The end of year is just around the corner. In Kenya, it is a time when city dwellers catch up with family from the rural areas or 'shags'. While a number of years back it was 'given' that the city dwellers would go back 'home' to the rural areas, today one of the debates you are likely to have about the impending holidays is whether the rural folk will come over, or you will go there. Indeed, things have changed so much that more and more families are having holidays away from the extended family, choosing road trips, camping safaris, beach, and even international holidays.
Whichever way you want to spend your holidays it is likely that you will be engaged in some kind of debate - external or internal - and negotiations about how you would like to spend this time. After weeks of traffic snarl ups, office politics and the school run, many people will be looking to rest, but family holidays do not necessarily provide that.

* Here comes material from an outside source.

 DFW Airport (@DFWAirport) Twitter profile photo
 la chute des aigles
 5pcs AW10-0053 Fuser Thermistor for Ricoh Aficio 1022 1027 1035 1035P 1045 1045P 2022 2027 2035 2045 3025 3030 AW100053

Instead you exchange office politics for the family variety, and the traffic becomes the foot fall of people moving in and out of the homestead as they visit you. Depending on what role you play in the family, this is an opportunity to sit back and enjoy the interactions, or it is hours over the cooking stove - woe unto you if you haven't upgraded from 3 stones. While your usual life is characterised by relatively stable financial exigencies you may be faced by unusual demands from the extended family whose 'Christmas' depends on your generosity. This can make for uncommon tensions, bringing out a side of you that you are not often in touch with.
A generous you will want to share what you have, and if you have prepared yourself for that, it will be a period of satisfaction knowing that you have reached out to others. If you haven't you will experience discomfort as you feel that you have let yourself, and others, down.

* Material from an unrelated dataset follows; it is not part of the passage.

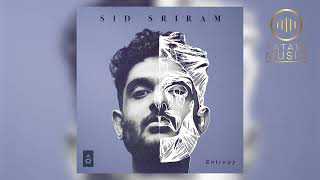 Sid Sriram - 6 weeks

Perhaps it is the 'show - off' you that will reign supreme these holidays. You will shop on your credit card and withdraw all your cash. You will whip out your wallet whenever someone shows up, giving even before you are asked. When the time comes to travel, back to your usual abode you will have to call up a generous buddy, because you won't have money to fuel your borrowed car. Then you will begin the new year with a financial deficit and possibly high tension in your city family because they will have unmet needs.

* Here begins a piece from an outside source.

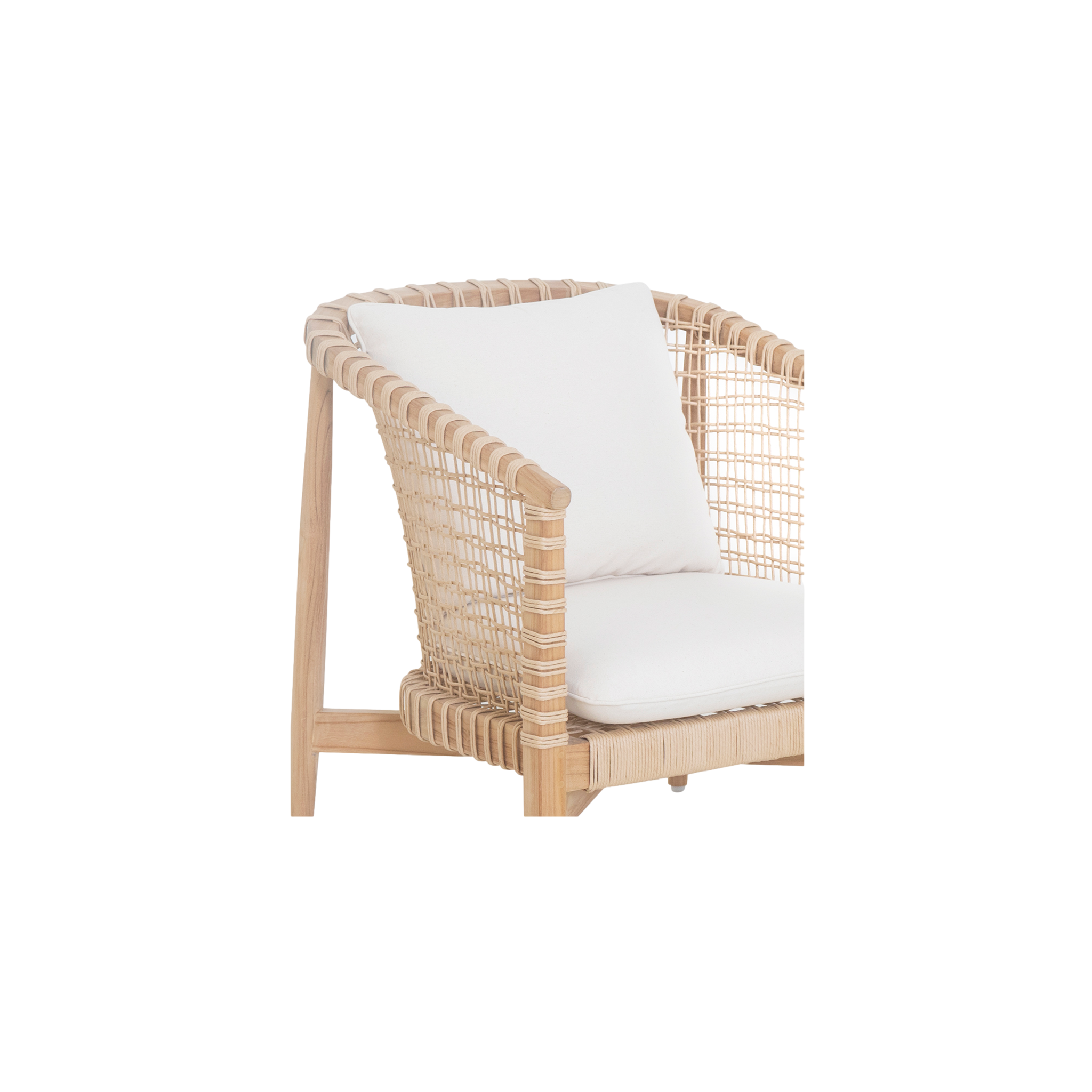 Kuna Outdoor Lounge Chair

These holidays may bring out the 'individualistic' you. You will think only of your spouse and children, and, perhaps, your mum and dad. You will organise to spend more time with them than you usually do, and that means the guys in shagz are not in the picture. You know you can always link up with them during other times in the year, when their expectations are lower. But there may be a little voice somewhere saying that you are selfish, because you were brought up to believe that a 'good' man or woman takes Christmas home to the family - and family here is more than the people mentioned at the start of this paragraph.
Maybe it will be a single you reflecting on who your friends are, because you do not wish to hang out with family and their drama. This may be a period of sadness as you realise that you are lonely, or happiness as you realise you can choose adventure, with no strings attached, because you are 'free', and who know what that could lead to?
These debates may all rage in you at the same time, and so the holidays could become a time of discomfort because you have lots of options, which means you have to make choices, and making choices can be uncomfortable.
What can you do?
Begin by asking yourself who you would like to be at the other end of the holidays, when life returns to 'normal'. Which of the people described above represents your 'best' self? Which of the voices, representing the various options, will you listen to, and which ones will you repress or ignore? What will the consequences of repressing some voices be? How do you label the different voices?